5. Statistics

All statistics are calculated and reported in the local time without shifts for daylight saving time of the station where the data originated from
https://toar-data.fz-juelich.de/api/v2/analysis/statistics/[?QUERY-OPTIONS] —> link does not work


where QUERY-OPTIONS are:

any combination of query options from both TOARDB REST interface - 2.4 Stationmeta and TOARDB REST interface - 2.5 Timeseries

daterange = <list of two datetimes: date range for which to extract data>

flags = <list of strings: only select data points with the specified quality flags> (for a description of flags and all available flag names see User Guide - 5.2 Data Quality Flags)

sampling = <string: temporal aggregation to use> (for available values see ALLOWED_SAMPLING_VALUES)

statistics = <list of strings: statistics to calculate> (for available values and details see 5.2. Available Statistics )

seasons = <list of strings: seasons to use for seasonal aggregations> (for available values see SEASON_DICT) (default: “DJF,MAM,JJA,SON”)

crops = <list of strings: crops to use for vegeseason aggregations> (for available values see ALLOWED_CROPS_VALUES) (default: “wheat,rice”)

min_data_capture = <number: minimal fraction of available hourly values in the aggregation interval to report an aggregated value, must be between 0 and 1> (default: 0.75)

metadata_scheme = <string: select how much metadata is returned> (basic|extended|full) (default: full)

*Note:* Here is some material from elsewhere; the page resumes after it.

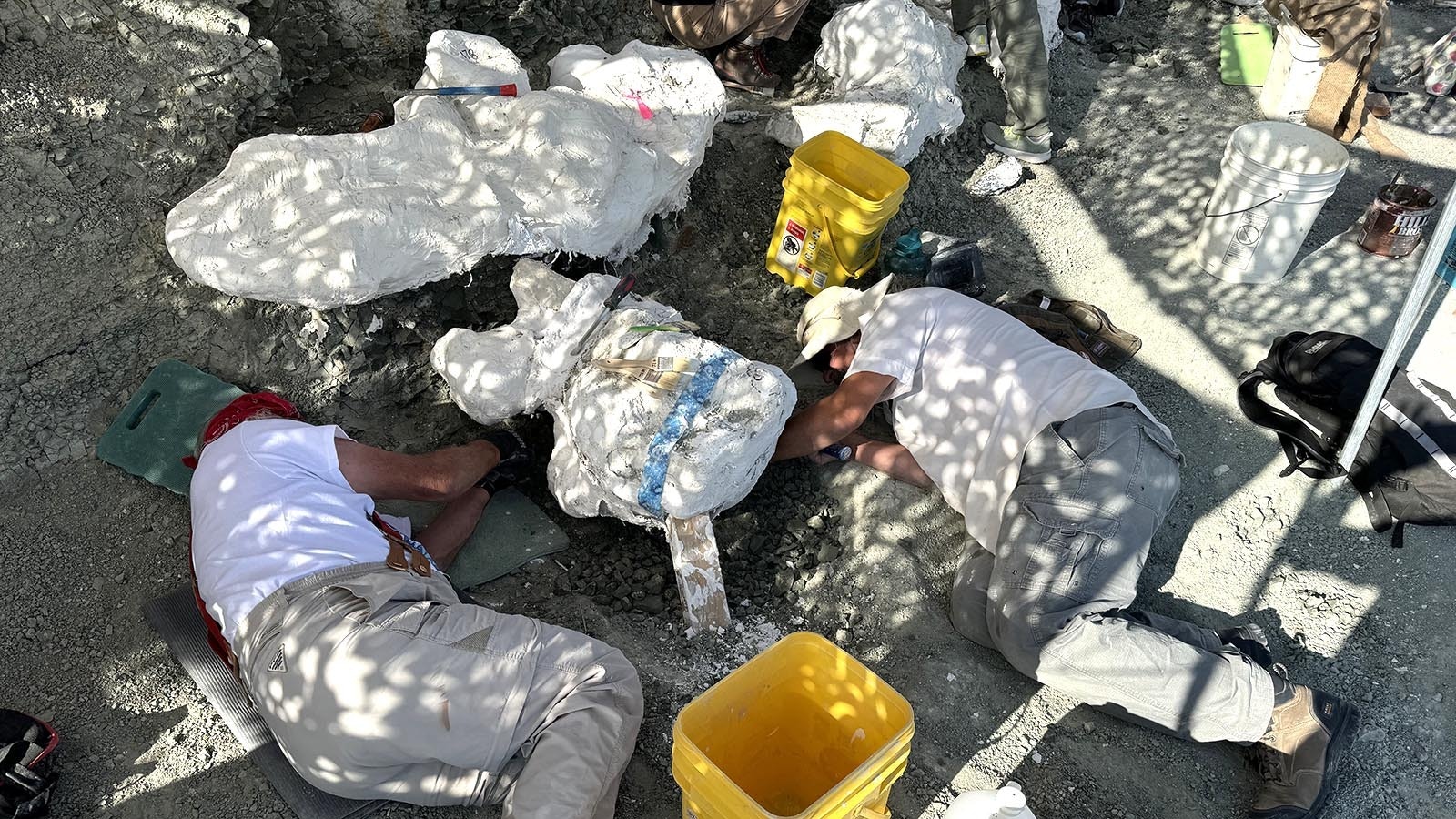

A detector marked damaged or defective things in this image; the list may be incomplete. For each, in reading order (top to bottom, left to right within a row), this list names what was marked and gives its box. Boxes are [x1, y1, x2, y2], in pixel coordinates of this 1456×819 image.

rusty metal can [1357, 182, 1438, 256]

format = <string>(raw|by_statistic) (for details on the formats see 8. Aggregated Output Formats )


Response: The query will return a unique task identifier and a link to check the status of your query.
Example: https://toar-data.fz-juelich.de/api/v2/analysis/statistics/?country=DE&variable_id=5&limit=3&daterange=2010-01-01T00:00:00,2020-12-31T23:59:59&flags=AllOK&sampling=annual&statistics=mean,median,min,max
Result: {“task_id”:”e2b17c39-6f80-4083-9bb8-f90cd72812b9”,”status”:”https://toar-data.fz-juelich.de/api/v2/analysis/status/e2b17c39-6f80-4083-9bb8-f90cd72812b9”}

To retrieve the result send a request to the status endpoint with your task identifier. If the result is there you will be redirected. The result will be a zip archive containing files in the format you have chosen.

5.1. Map

https://toar-data.fz-juelich.de/api/v2/analysis/statistics/[?QUERY-OPTIONS] #link does not work


where QUERY-OPTIONS are:

daterange = <str: comma separated start and end date and time for which to extract data>

variable_id = <integer: variable to extract>

bounding_box = <list of four numbers: bounding_box (min_lat,min_lon,max_lat,max_lon) in degrees_north/degrees_east to define a geographical rectangle (do not set anything for global extraction)> (default: None)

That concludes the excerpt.